* _WHAT IS EXPECTED_
Any picture in the listing is left out of the copy; all else is duplicated exactly.

* _DATASET CONTENT_
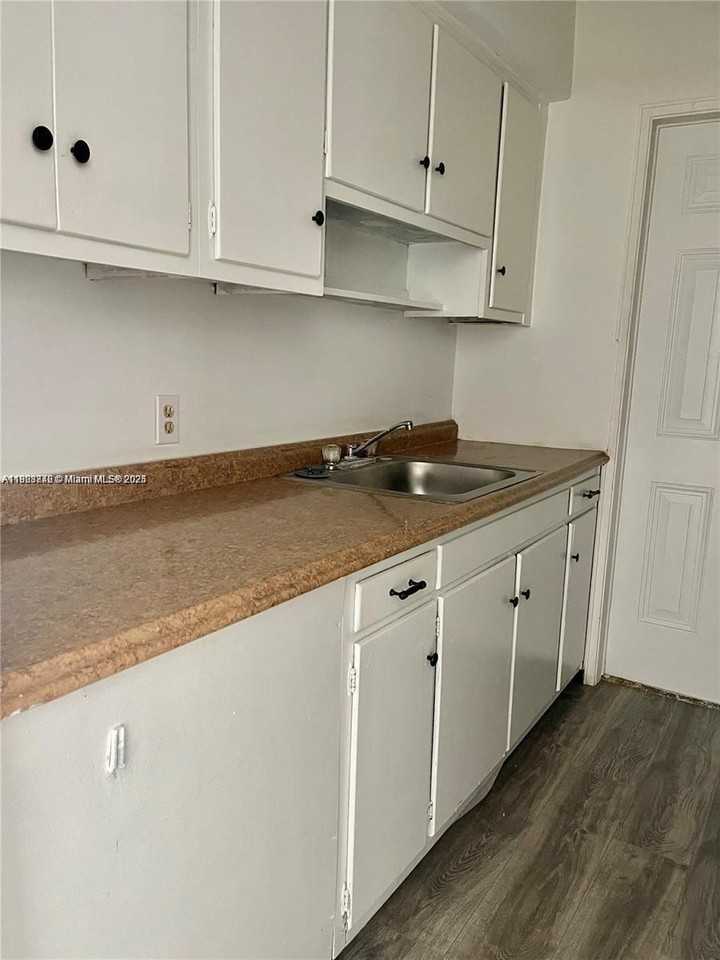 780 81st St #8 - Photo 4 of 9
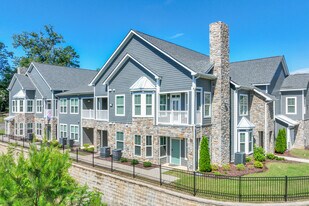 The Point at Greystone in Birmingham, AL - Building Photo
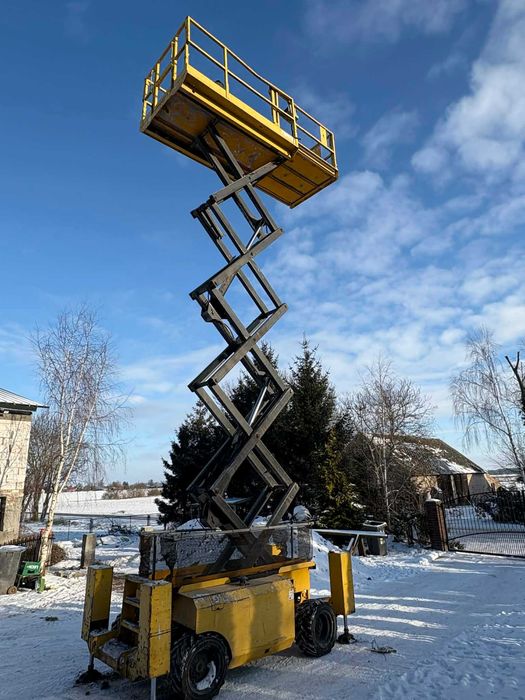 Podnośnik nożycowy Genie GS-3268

* _TASK OUTPUT_
 780 81st St #8 - Photo 4 of 9
 The Point at Greystone in Birmingham, AL - Building Photo
 Podnośnik nożycowy Genie GS-3268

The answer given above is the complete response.